Revenue is recognised to the extent that it is probable that the economic benefits will flow to the Group and the revenue can be reliably measured. Revenue is measured as the fair value of the consideration received or receivable, excluding discounts, rebates, value added tax and other sales taxes. The following criteria must also be met before revenue is recognised:
Sale of goods
Revenue from the sale of goods is recognised when all of the following conditions are satisfied:
the group has transferred the significant risks and rewards of ownership to the buyer;
the group retains neither continuing managerial involvement to the degree usually associated with ownership nor effective control over the goods sold;
the amount of revenue can be measured reliably;
it is probable that the group will receive the consideration due under the transaction; and
the costs incurred or to be incurred in respect of the transaction can be measured reliably.
Revenue is recognised when the group has supplied and installed UPVC products, which the directors believe this is the date at which the significant risks and rewards of ownership have been transferred to the buyer.
Rendering of services
Revenue from a contract to provide services is recognised in the period in which the services are provided in accordance with the stage of completion of the contract, when all of the following conditions are satisfied:
the amount can be measured reliably;
it is probable that the company will receive the consideration due under the contract;
the stage of completion of the contract at the end of the reporting period can be measured reliably;
the costs incurred and the costs to complete the contract can be measured reliably.
Research expenditure is written off against profits in the year in which it is incurred. Identifiable development expenditure is capitalised to the extent that the technical, commercial and financial feasibility can be demonstrated.
The gain or loss arising on the disposal of an asset is determined as the difference between the sale proceeds and the carrying value of the asset, and is recognised in the profit and loss account.
Interests in subsidiaries are initially measured at cost and subsequently measured at cost less any accumulated impairment losses. The investments are assessed for impairment at each reporting date and any impairment losses or reversals of impairment losses are recognised immediately in profit or loss.
At each reporting period end date, the group reviews the carrying amounts of its tangible and intangible assets to determine whether there is any indication that those assets have suffered an impairment loss. If any such indication exists, the recoverable amount of the asset is estimated in order to determine the extent of the impairment loss (if any). Where it is not possible to estimate the recoverable amount of an individual asset, the company estimates the recoverable amount of the cash-generating unit to which the asset belongs.

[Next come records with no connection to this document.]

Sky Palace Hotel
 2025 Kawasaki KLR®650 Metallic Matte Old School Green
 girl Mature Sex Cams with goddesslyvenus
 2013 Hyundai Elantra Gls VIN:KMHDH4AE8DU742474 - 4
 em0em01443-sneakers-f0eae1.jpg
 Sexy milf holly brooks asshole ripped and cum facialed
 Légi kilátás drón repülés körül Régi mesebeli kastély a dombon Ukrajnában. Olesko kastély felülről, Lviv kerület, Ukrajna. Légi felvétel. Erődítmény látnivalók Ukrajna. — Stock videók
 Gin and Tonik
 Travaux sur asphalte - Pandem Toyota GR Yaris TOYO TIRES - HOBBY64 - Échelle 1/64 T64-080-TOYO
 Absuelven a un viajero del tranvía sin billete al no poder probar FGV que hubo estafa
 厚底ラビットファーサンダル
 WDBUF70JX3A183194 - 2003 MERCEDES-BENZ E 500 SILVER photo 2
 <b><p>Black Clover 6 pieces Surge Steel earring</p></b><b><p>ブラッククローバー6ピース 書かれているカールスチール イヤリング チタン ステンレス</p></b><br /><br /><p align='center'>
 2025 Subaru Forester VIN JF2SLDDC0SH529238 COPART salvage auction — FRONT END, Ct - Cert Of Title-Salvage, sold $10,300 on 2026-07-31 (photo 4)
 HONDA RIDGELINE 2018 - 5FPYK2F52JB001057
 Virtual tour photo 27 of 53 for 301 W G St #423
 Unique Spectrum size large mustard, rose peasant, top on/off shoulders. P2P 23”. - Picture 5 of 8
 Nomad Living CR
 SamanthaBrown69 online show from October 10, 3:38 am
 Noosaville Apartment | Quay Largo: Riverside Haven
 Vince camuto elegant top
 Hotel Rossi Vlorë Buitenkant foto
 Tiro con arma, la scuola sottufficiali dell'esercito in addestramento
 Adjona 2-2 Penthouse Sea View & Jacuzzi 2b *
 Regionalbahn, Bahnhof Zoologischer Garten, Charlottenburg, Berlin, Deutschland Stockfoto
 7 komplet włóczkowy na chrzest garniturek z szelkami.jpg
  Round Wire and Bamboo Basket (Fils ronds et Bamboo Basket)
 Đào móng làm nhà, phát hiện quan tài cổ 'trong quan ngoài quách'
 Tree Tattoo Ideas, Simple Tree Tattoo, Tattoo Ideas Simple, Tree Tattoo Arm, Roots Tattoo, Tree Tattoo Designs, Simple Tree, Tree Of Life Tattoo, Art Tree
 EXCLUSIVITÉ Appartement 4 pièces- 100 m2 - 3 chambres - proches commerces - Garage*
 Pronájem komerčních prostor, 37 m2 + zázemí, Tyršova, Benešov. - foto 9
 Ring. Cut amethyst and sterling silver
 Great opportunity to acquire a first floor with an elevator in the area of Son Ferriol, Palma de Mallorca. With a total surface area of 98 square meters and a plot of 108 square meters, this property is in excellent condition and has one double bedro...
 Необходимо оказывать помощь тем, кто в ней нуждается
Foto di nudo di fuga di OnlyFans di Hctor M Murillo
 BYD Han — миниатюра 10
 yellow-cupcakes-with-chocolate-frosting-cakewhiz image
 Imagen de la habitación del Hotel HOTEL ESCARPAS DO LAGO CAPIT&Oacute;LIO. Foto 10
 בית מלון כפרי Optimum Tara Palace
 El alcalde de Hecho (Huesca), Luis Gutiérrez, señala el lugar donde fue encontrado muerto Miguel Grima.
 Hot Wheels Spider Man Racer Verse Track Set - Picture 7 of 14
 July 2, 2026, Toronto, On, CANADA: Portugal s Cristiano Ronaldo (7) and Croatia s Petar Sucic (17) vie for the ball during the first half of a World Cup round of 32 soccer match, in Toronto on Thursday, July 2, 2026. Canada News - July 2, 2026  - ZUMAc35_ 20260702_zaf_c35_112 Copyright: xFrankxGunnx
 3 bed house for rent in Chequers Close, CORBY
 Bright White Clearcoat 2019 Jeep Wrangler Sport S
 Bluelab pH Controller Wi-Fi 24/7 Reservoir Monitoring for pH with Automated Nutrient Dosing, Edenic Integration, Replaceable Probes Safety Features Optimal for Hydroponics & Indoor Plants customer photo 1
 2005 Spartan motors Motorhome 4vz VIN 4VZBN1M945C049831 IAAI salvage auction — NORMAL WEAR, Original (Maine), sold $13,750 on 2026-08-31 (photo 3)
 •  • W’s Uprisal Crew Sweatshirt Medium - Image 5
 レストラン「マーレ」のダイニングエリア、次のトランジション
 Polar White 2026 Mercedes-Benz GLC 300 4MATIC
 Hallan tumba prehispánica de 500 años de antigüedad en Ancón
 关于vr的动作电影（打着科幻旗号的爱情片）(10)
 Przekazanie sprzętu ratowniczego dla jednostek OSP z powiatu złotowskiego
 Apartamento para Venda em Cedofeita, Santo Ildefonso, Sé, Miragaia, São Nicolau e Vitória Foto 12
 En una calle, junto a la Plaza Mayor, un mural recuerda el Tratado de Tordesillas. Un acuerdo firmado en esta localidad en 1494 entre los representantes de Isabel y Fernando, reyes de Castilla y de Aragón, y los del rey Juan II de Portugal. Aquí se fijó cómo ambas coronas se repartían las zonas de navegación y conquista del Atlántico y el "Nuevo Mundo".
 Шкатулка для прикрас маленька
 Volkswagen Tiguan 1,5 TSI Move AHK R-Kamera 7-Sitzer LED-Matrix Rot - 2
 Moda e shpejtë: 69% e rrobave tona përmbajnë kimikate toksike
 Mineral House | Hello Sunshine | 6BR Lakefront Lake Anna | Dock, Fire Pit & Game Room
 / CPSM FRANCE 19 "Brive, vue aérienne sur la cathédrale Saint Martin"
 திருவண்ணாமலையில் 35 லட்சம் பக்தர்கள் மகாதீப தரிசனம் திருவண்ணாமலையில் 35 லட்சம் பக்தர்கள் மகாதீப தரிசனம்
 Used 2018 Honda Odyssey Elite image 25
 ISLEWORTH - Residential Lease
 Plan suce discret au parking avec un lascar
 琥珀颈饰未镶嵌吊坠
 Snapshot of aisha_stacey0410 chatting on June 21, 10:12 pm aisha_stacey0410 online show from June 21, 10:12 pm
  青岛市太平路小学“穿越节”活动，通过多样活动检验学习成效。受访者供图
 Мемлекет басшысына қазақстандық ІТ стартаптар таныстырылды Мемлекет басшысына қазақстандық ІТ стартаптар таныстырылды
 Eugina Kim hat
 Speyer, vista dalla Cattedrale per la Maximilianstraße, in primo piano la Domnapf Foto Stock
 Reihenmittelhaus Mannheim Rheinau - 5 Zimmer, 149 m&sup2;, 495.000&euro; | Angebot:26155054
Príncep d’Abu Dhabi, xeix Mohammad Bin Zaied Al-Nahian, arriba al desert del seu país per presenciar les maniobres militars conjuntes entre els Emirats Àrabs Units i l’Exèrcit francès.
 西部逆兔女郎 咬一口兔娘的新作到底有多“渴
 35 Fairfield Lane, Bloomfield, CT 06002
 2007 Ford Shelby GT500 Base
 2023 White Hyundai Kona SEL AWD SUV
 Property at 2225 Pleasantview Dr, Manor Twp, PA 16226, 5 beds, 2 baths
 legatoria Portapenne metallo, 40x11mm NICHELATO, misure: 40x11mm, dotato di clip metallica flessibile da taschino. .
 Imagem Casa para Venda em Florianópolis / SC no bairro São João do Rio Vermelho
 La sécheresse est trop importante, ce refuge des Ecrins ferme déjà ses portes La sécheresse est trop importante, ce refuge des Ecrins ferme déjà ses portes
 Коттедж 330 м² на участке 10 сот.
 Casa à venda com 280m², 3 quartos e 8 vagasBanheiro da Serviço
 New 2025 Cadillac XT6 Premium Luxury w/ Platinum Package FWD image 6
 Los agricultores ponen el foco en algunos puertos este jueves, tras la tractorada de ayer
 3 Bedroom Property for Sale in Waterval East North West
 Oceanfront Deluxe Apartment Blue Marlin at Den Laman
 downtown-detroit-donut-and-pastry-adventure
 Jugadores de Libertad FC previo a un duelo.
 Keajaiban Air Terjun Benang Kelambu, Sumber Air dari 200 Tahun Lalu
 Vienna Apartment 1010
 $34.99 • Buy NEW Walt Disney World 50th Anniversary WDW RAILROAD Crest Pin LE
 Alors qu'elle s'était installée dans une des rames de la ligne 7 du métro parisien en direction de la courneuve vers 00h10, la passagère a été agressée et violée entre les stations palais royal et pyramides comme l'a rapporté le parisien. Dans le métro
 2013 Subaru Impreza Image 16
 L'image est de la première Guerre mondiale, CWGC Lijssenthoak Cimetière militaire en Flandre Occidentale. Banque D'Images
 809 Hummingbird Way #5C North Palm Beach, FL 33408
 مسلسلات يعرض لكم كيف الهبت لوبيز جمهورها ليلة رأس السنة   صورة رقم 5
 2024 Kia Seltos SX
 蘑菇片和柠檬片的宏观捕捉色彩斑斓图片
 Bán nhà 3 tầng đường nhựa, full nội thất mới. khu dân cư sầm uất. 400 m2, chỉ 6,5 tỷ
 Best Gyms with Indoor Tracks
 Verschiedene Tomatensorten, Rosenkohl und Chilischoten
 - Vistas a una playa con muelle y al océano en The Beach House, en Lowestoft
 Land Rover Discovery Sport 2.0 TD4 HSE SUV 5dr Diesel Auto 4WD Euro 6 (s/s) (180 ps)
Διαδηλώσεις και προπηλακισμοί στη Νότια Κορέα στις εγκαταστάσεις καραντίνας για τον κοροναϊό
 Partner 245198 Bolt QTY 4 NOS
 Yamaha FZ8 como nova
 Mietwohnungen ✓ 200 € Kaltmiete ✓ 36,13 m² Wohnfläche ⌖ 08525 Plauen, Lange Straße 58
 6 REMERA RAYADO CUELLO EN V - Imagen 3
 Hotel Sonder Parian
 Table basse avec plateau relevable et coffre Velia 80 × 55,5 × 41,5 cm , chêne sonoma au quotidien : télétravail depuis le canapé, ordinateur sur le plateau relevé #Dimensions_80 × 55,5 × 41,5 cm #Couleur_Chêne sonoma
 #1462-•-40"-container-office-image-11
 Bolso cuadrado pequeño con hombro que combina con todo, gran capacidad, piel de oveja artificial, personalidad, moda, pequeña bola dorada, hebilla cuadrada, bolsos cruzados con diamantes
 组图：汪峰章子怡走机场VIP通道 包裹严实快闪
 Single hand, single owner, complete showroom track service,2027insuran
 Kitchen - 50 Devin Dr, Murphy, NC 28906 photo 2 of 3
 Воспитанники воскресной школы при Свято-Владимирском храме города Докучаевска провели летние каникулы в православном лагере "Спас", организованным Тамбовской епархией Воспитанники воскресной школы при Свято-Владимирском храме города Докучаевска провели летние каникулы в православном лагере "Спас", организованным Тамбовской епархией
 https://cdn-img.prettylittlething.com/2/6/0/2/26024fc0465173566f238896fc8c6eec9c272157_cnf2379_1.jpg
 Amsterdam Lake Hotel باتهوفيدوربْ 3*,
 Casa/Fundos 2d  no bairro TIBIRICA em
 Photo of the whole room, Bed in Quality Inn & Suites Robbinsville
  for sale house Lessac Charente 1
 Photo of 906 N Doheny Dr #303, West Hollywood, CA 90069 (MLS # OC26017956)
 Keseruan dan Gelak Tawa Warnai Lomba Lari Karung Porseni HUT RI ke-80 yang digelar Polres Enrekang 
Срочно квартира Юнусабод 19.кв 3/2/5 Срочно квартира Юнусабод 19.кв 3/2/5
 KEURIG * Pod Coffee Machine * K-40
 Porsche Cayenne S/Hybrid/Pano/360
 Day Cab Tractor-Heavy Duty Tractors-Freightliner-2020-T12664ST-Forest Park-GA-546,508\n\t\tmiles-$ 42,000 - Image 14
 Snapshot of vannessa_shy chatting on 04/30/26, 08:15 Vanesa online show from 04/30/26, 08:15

The group has elected to apply the provisions of Section 11 ‘Basic Financial Instruments’ and Section 12 ‘Other Financial Instruments Issues’ of FRS 102 to all of its financial instruments.
Financial instruments are recognised in the group's balance sheet when the group becomes party to the contractual provisions of the instrument.
Financial assets and liabilities are offset and the net amounts presented in the financial statements when there is a legally enforceable right to set off the recognised amounts and there is an intention to settle on a net basis or to realise the asset and settle the liability simultaneously.
Basic financial assets, which include debtors and cash and bank balances, are initially measured at transaction price including transaction costs and are subsequently carried at amortised cost using the effective interest method unless the arrangement constitutes a financing transaction, where the transaction is measured at the present value of the future receipts discounted at a market rate of interest. Financial assets classified as receivable within one year are not amortised.
Other financial assets, including investments in equity instruments which are not subsidiaries and associates, are initially measured at fair value, which is normally the transaction price. Such assets are subsequently carried at fair value and the changes in fair value are recognised in profit or loss, except that investments in equity instruments that are not publicly traded and whose fair values cannot be measured reliably are measured at cost less impairment.
Financial assets, other than those held at fair value through profit and loss, are assessed for indicators of impairment at each reporting end date.
Financial assets are impaired where there is objective evidence that, as a result of one or more events that occurred after the initial recognition of the financial asset, the estimated future cash flows have been affected. If an asset is impaired, the impairment loss is the difference between the carrying amount and the present value of the estimated cash flows discounted at the asset’s original effective interest rate. The impairment loss is recognised in profit or loss.
If there is a decrease in the impairment loss arising from an event occurring after the impairment was recognised, the impairment is reversed. The reversal is such that the current carrying amount does not exceed what the carrying amount would have been, had the impairment not previously been recognised. The impairment reversal is recognised in profit or loss.
Financial assets are derecognised only when the contractual rights to the cash flows from the asset expire or are settled, or when the group transfers the financial asset and substantially all the risks and rewards of ownership to another entity, or if some significant risks and rewards of ownership are retained but control of the asset has transferred to another party that is able to sell the asset in its entirety to an unrelated third party.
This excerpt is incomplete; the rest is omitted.